Aussi loin que remonte notre mémoire collective, celle chargée de répertorier notre passé, notre histoire, il semblerait que la première manifestation d'une mémoire prodigieuse se situe dans l'Antiquité.
Il faut savoir qu'à cette époque, la foule admire toute manifestation d'une mémoire « entraînée » qui permet de retenir des poèmes, des discours. La rhétorique bat son plein et le savoir se transmet oralement. La mémoire est une faculté quasi divine, réservée aux seuls initiés !
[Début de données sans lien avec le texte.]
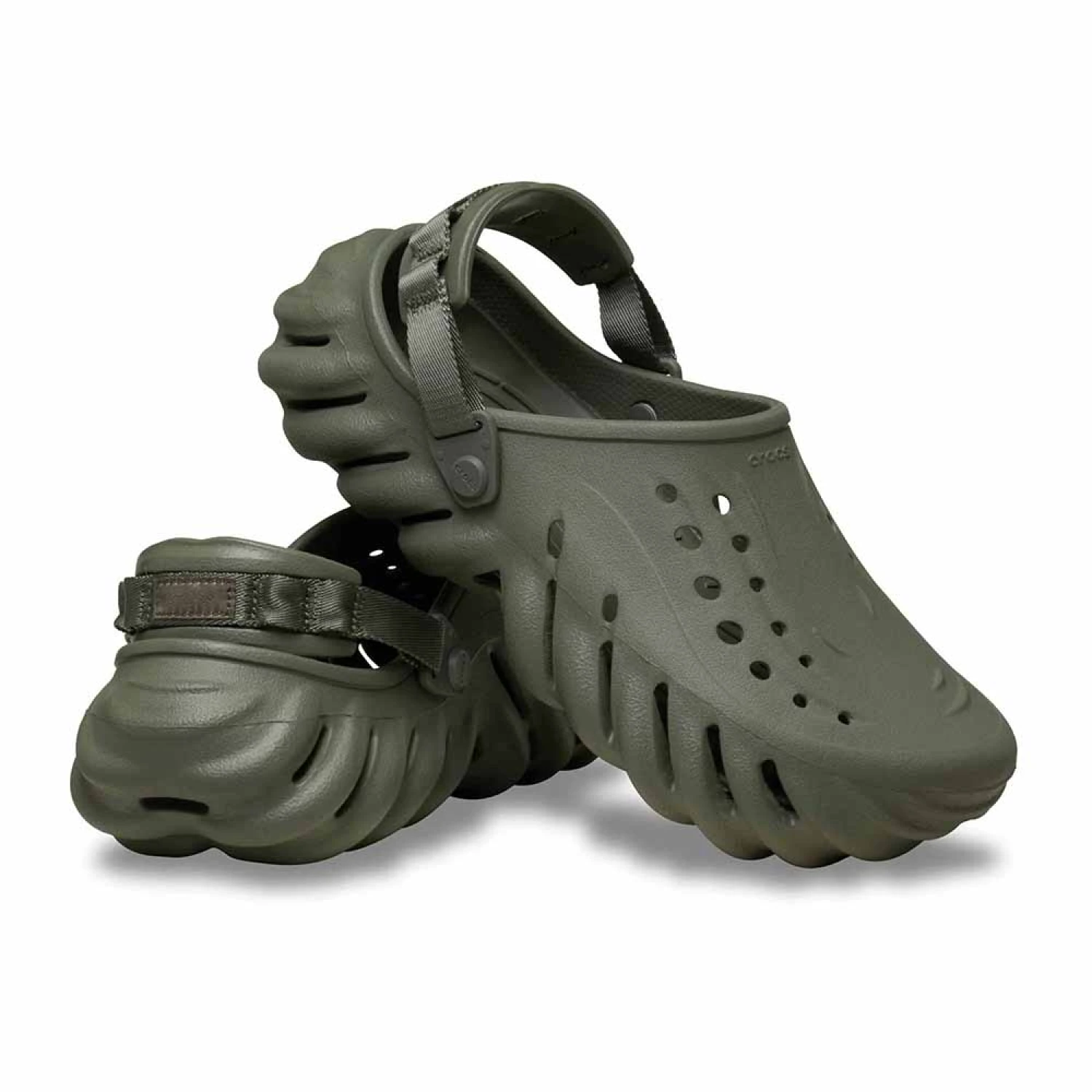 Crocs Echo Clog Dusty Olive - Imagen 2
Il faut savoir qu'à cette époque, la foule admire toute manifestation d'une mémoire « entraînée » qui permet de retenir des poèmes, des discours. La rhétorique bat son plein et le savoir se transmet oralement. La mémoire est une faculté quasi divine, réservée aux seuls initiés !
L'origine du mot "mémoire"
En parlant de divinités : savez-vous d'où nous vient le mot Mémoire ? Non ? Alors laissez moi vous raconter l'histoire de Mnémosyne . Mnémosyne, déesse grecque et fille d'Uranus, le Ciel et de Gaia, la Terre, tomba amoureuse de Zeus lui-même. Mais comment séduire le plus puissant des Dieux ? Comment attirer son attention sur elle, simple Titanide ? Notre Déesse avait un don particulier : celui de raconter des histoires ! Et pour charmer le Dieu des dieux, il suffisait de le flatter en lui narrant les victoires des dieux contre leurs ennemis, les Titans ! Ainsi, un jour, Zeus, sous les traits d'un berger, rendit visite à Mnémosyne pendant neuf nuits. Un an plus tard elle donna naissance aux Muses ou Filles de Mémoire, protectrices des arts, des lettres et des sciences :
- Calliope, pour l'Éloquence,
- Melpomène, muse de la Tragédie
- Thalie, muse de la Comédie,
- Euterpe, muse de la Musique
- Clio muse de l'histoire
- Polymnie, muse de la Poésie lyrique
- Érato celle de l'Élégie
- Uranie muse de l'Astronomie
- Terpsichore, muse de la Danse.
Les Muses sont donc les déesses Grecques qui président aux arts et aux sciences et inspirent ceux, poètes, musiciens et hommes de sciences, qui s'en remettent à l'imagination. Elles sont le symbole du lien étroit réunissant tous les arts. Elles permettent d'accéder à un savoir sur le monde : la musique dont le nom vient des Muses est une porte vers la connaissance de la structure de l'univers : elle ouvre sur l'arithmétique et l'astronomie, elle permet à l'individu de percevoir l'harmonie des sphères. Mnémosyne, mère des 9 Muses, devint donc le symbole d'une faculté qu'on appellerait Mnemosys, "mémoire" en français. Mais revenons aux premières manifestations d'une Mémoire Prodigieuse.
Une mémoire prodigieuse
Dans l'Antiquité, donc, Simonide de Céos, poète grec, participe à un banquet organisé par un dénommé Scopas, un athlète qui avait remporté un pugilat. Simonide n'est pas là comme simple invité, mais pour réciter un poème en honneur de son hôte, vainqueur, comme il était d'usage. Une fois son poème terminé, Simonide continue et fait l'éloge des Dieux jumeaux Castor et Pollux. A cet instant précis, on prévient Simonide que deux jeunes hommes l'attendent à l'extérieur. Ce dernier sort, mais ne trouve personne. C'est à ce moment, raconte la légende, que le plafond de la salle où il se trouvait quelques secondes auparavant s'effondre sur tous les invités. Tous meurent et Simonide est le seul rescapé. Reconnaissance des dieux qui l'auraient attiré au-dehors ?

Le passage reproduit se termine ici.